Oxidative stress is a consequence of the use of oxygen in aerobic respiration by living organisms and is denoted as a persistent condition of an imbalance between the generation of reactive oxygen species (ROS) and the ability of the endogenous antioxidant system (AOS) to detoxify them. The oxidative stress theory has been confirmed in many animal studies, which demonstrated that the maintenance of cellular homeostasis and biomolecular stability and integrity is crucial for cellular longevity and successful aging. Mitochondrial dysfunction, impaired protein homeostasis (proteostasis) network, alteration in the activities of transcription factors such as Nrf2 and NF-B, and disturbances in the protein quality control machinery that includes molecular chaperones, ubiquitin-proteasome system (UPS), and autophagy/lysosome pathway have been observed during aging and age-related chronic diseases. The accumulation of ROS under oxidative stress conditions results in the induction of lipid peroxidation and glycoxidation reactions, which leads to the elevated endogenous production of reactive aldehydes and their derivatives such as glyoxal, methylglyoxal (MG), malonic dialdehyde (MDA), and 4-hydroxy-2-nonenal (HNE) giving rise to advanced lipoxidation and glycation end products (ALEs and AGEs, respectively). Both ALEs and AGEs play key roles in cellular response to oxidative stress stimuli through the regulation of a variety of cell signaling pathways. However, elevated ALE and AGE production leads to protein cross-linking and aggregation resulting in an alteration in cell signaling and functioning which causes cell damage and death. This is implicated in aging and various age-related chronic pathologies such as inflammation, neurodegenerative diseases, atherosclerosis, and vascular complications of diabetes mellitus. In the present review, we discuss experimental data evidencing the impairment in cellular functions caused by AGE/ALE accumulation under oxidative stress conditions. We focused on the implications of ALEs/AGEs in aging and age-related diseases to demonstrate that the identification of cellular dysfunctions involved in disease initiation and progression can serve as a basis for the discovery of relevant therapeutic agents.

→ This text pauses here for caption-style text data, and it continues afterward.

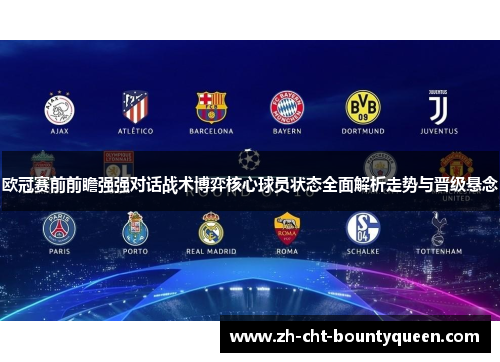 欧冠赛前前瞻强强对话战术博弈核心球员状态全面解析走势与晋级悬念 欧冠赛前前瞻强强对话战术博弈核心球员状态全面解析走势与晋级悬念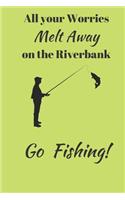 All your Worries Melt Away on the Riverbank. Go Fishing!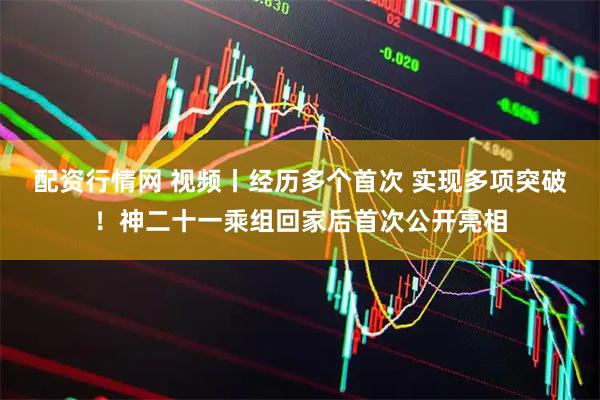 配资行情网 视频丨经历多个首次 实现多项突破！神二十一乘组回家后首次公开亮相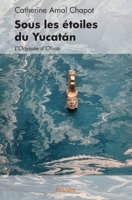 Sous les étoiles du Yucatán: L'Odyssée d'Olivia (French Edition) 2414400323 Book Cover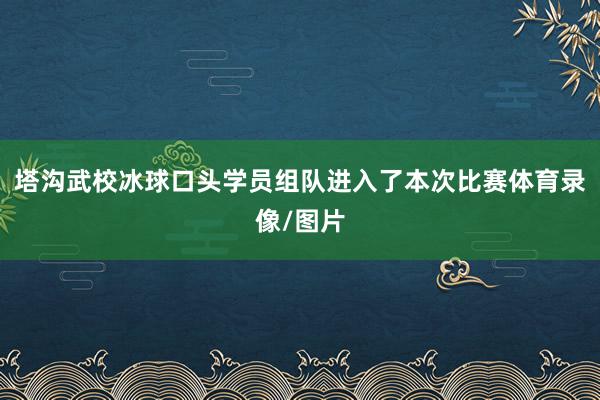 塔沟武校冰球口头学员组队进入了本次比赛体育录像/图片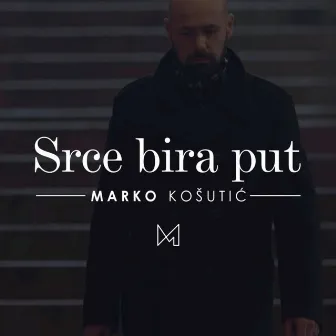 Srce Bira Put by Marko Košutić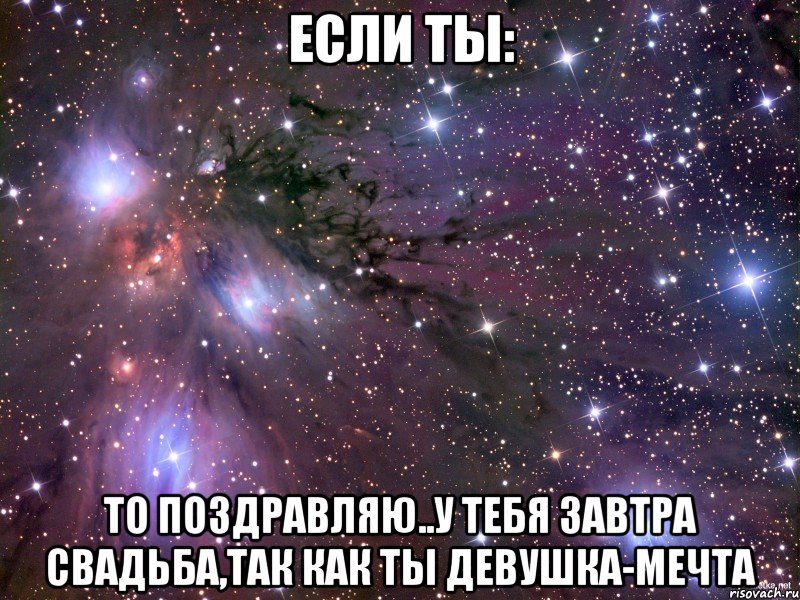 если ты: то поздравляю..у тебя завтра свадьба,так как ты девушка-мечта, Мем Космос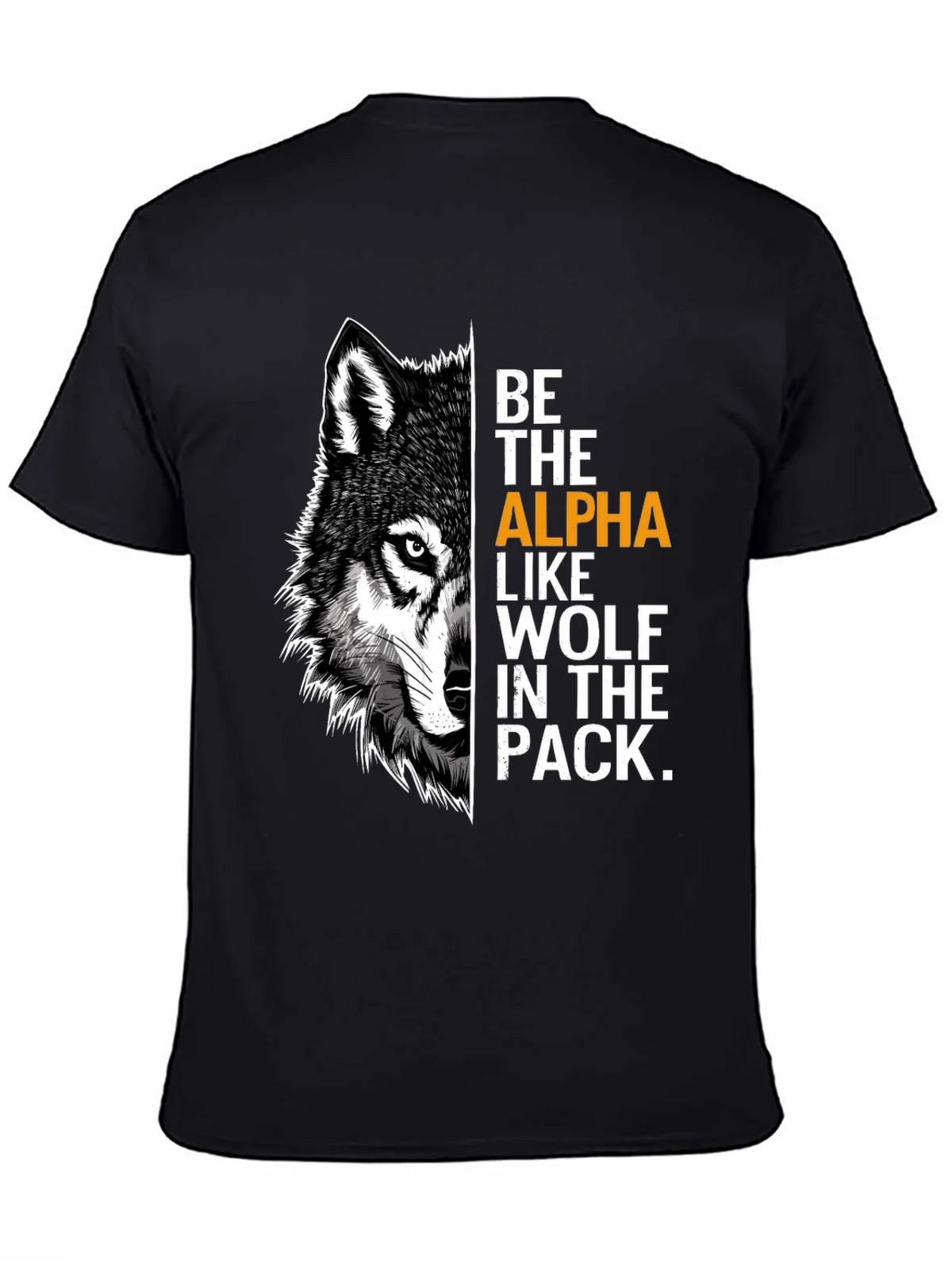 Be the Alpha Wolf Graphic Print T-Shirt product image 4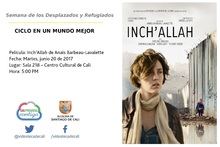 Semana de los Desplazados y Refugiados  CICLO EN UN MUNDO MEJOR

氧化应激是生物有氧呼吸过程中氧气利用的结果,表现为活性氧(ROS)生成与内源性抗氧化系统(AOS)解毒能力之间失衡的持续状态。氧化应激理论在许多动物研究中得到证实,这些研究表明,维持细胞内环境平衡和生物分子的稳定性和完整性对于细胞的长寿和成功衰老至关重要。在线粒体功能障碍、蛋白质稳态(蛋白质组学)网络受损、转录因子(如 Nrf2 和 NF-B)活性改变、以及包括分子伴侣、泛素-蛋白酶体系统(UPS)和自噬/溶酶体途径在内的蛋白质质量控制机制紊乱等方面,在衰老和与年龄相关的慢性疾病中都有观察到。在氧化应激条件下 ROS 的积累导致脂质过氧化和糖基化反应的诱导,从而导致内源性反应性醛类及其衍生物(如乙二醛、甲基乙二醛(MG)、丙二醛(MDA)和 4-羟基-2-壬烯醛(HNE))的产生增加,从而导致晚期脂质过氧化和糖化终产物(分别为 ALE 和 AGE)的产生增加。ALE 和 AGE 都通过调节多种细胞信号通路,在细胞对氧化应激刺激的反应中发挥关键作用。然而,ALE 和 AGE 产量的增加会导致蛋白质交联和聚集,从而改变细胞信号转导和功能,导致细胞损伤和死亡。这与衰老和各种与年龄相关的慢性病理有关,如炎症、神经退行性疾病、动脉粥样硬化和糖尿病血管并发症。在本综述中,我们讨论了证明在氧化应激条件下 AGE/ALE 积累导致细胞功能受损的实验数据。我们重点讨论了 ALEs/AGEs 在衰老和与年龄相关疾病中的意义,以证明鉴定涉及疾病起始和进展的细胞功能障碍可以作为发现相关治疗药物的基础。